Board member Todd Franceschina asked how opening Honey Dew would affect the budget. Heuschel said enrollment generates the dollars for opening the school.

Even with Gov. Chris Gregoire’s proposed budget cuts to K-12 education, the opening is still feasible, Heuschel explained.

“So regardless of what the cuts are, there’s an allocation formula from the state based on the number of students that you have,” she said. “And the opening of the school is strictly based on enrollment and space.”

The district has a huge “bubble” in first grade and kindergarten in the Highlands region.

Currently Honey Dew has all the kindergarten classes from Highlands Elementary and the first graders fill the remaining classrooms at Highlands.

As the board moves forward, there will be fairly minor changes to the boundary plans, Heuschel said.

On Monday, the Boundary Review Committee came together to review minor changes made to the boundaries by district administration to improve the number of students attending those affected elementary schools.

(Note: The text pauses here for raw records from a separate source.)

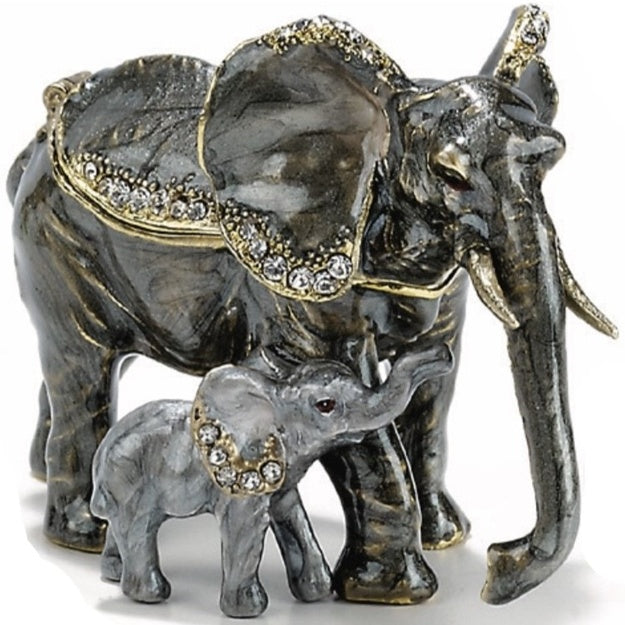 Decorative figurine of two elephants with decorative trunks on a white background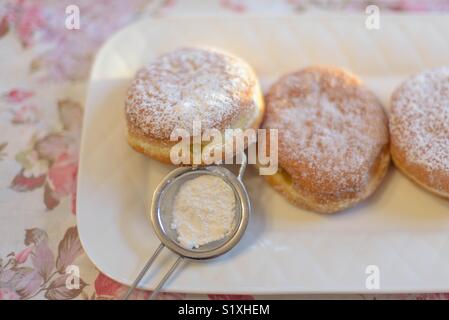 Traditional paczki pastries for Fat Tuesday or Paczki day Stock Photo
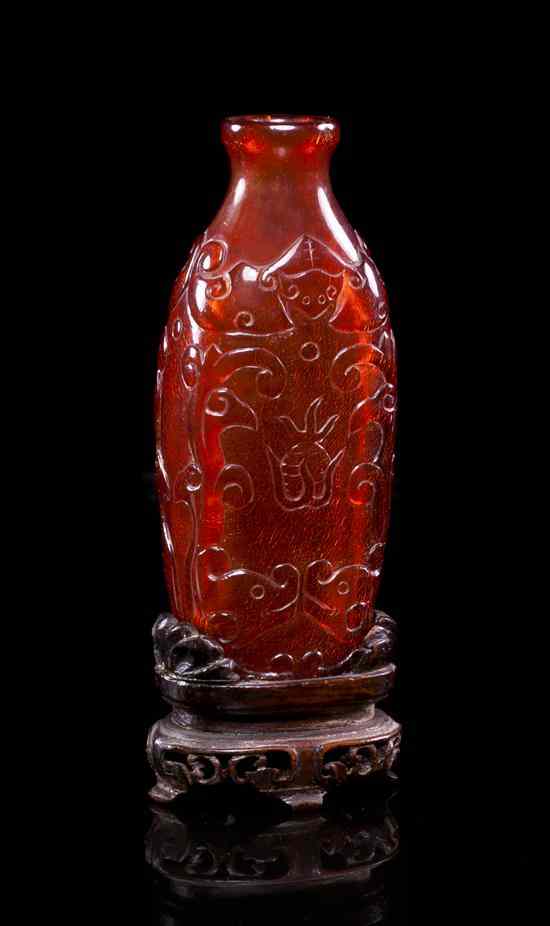 Appraisal: A Carved Amber Snuff Bottle of elongated squared form having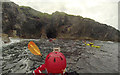 NB1143 : Heading into a cave on the north side of Seanna Chnoc by Andy Waddington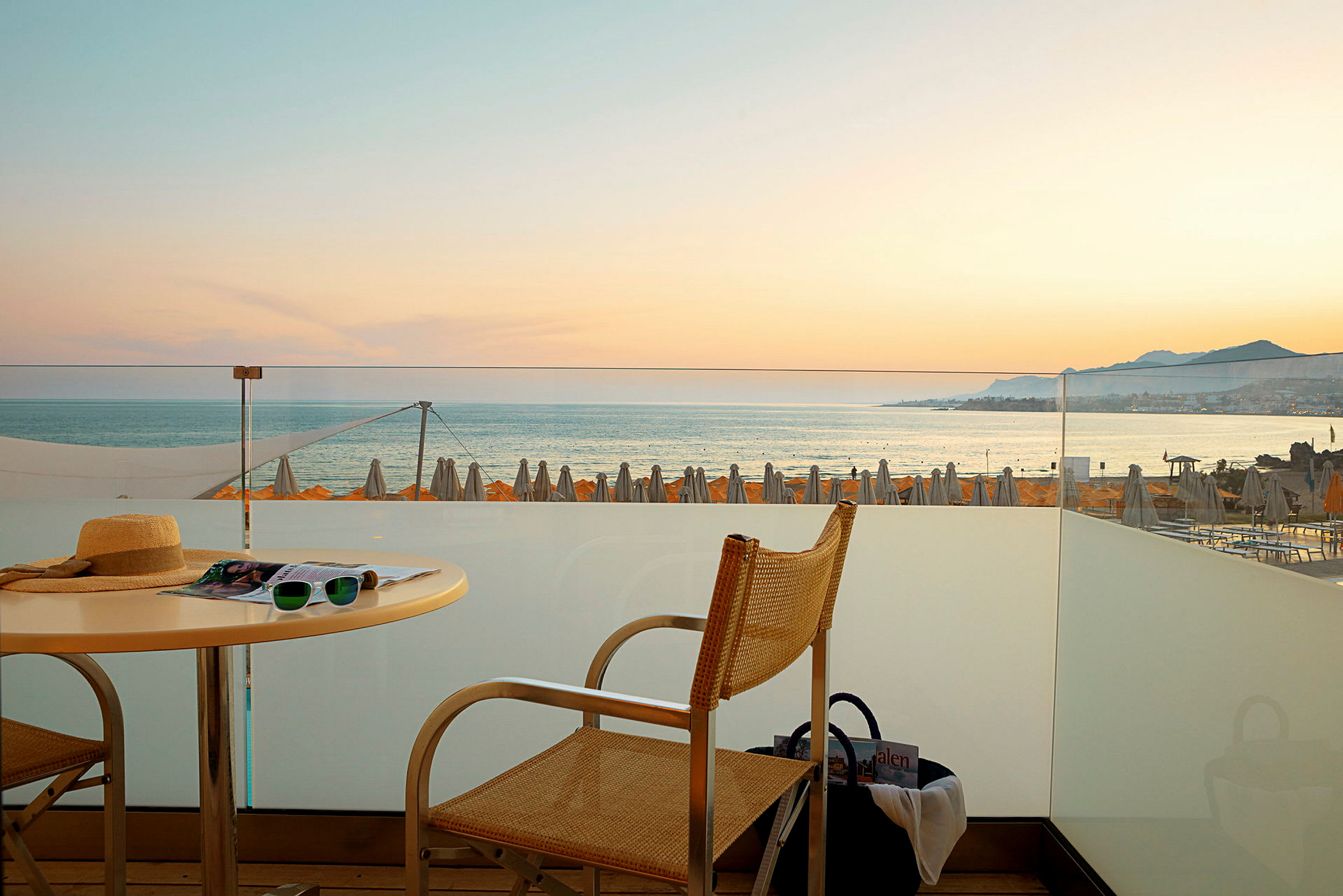Utsikt fra en terrasse mot havet med solnedgang og strandparasoller i bakgrunnen. (AI-generert tekst)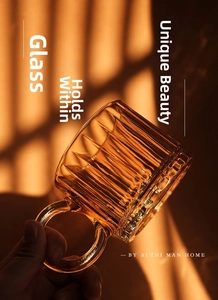 Close-up of amber glass mug featuring vertical striped texture and large circular handle
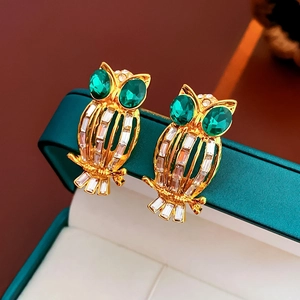 Macro shot of owl earrings with green gem eyes on dark green jewelry box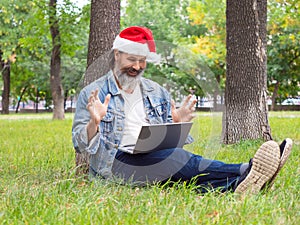 Photo of a middle aged man with a laptop in the park. He sitting on the grass in Santa Hat and communicates with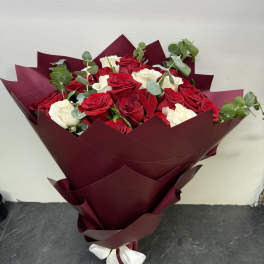 Bouquet of red and white roses wrapped in burgundy paper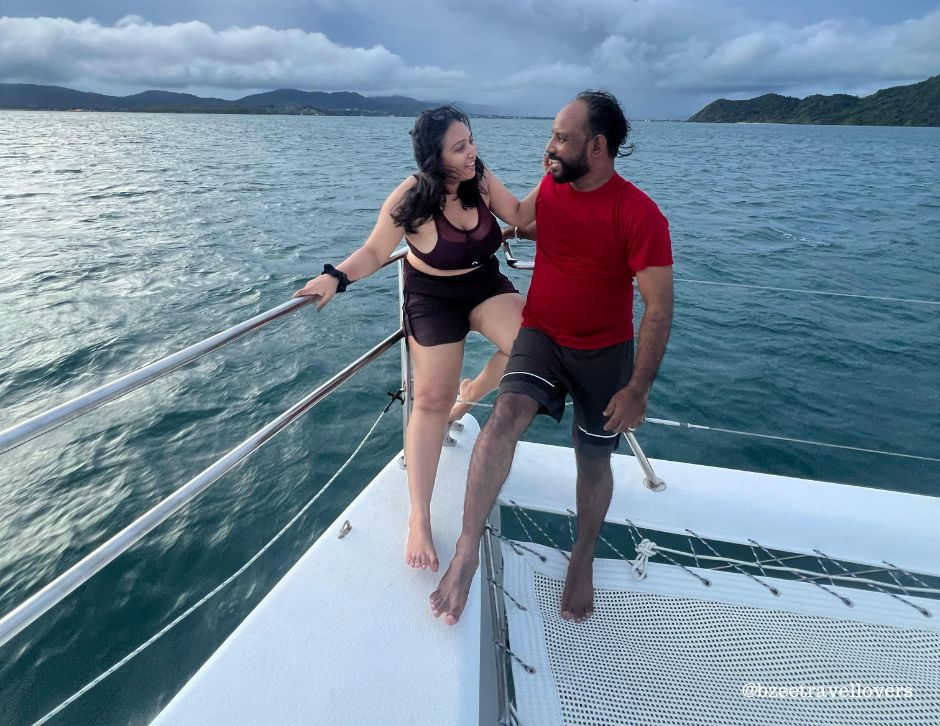 A couple smiles on a yacht with an ocean backdrop. The woman in a black outfit lounges on the railing, while the man in a red shirt sits. Thailand travel from India.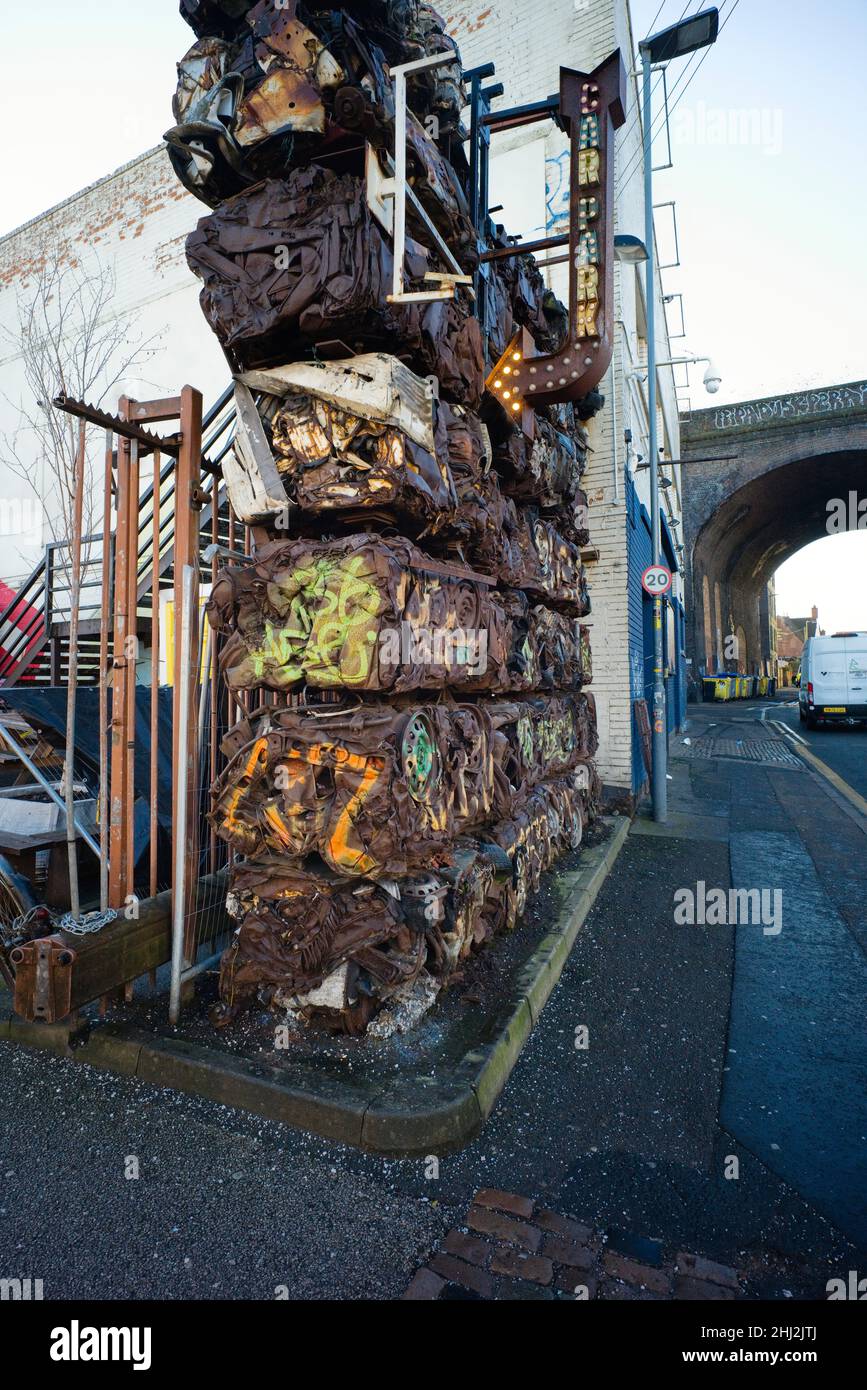 Crushed cars making up a wall at the Custard Factory car park in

The School Board had already approved the committee’s work on the eight elementary school boundaries in December 2010.  There was concern last year from parents that children who live in the Highlands’ Liberty Ridge housing development would be split up. As part of those boundary modifications the Liberty Ridge area would stay together, said Mather. The district’s human resources office will begin work to hire a principal and staff for Honey Dew in January. “A ton of work lies ahead,” said Heuschel.

There will be two presentations on Dec. 7 and 8 to the public on elementary school boundary changes that will take effect next year. From 5 p.m. to 7 p.m., Dec. 7 there will be a presentation at Bryn Mawr Elementary School, 8212 S. 118th St. in West Hill.

Also from 5 p.m. to 7 p.m., Dec. 8 the same presentation will be given at Highlands Elementary School, 2720 N.E. Seventh St. in Renton.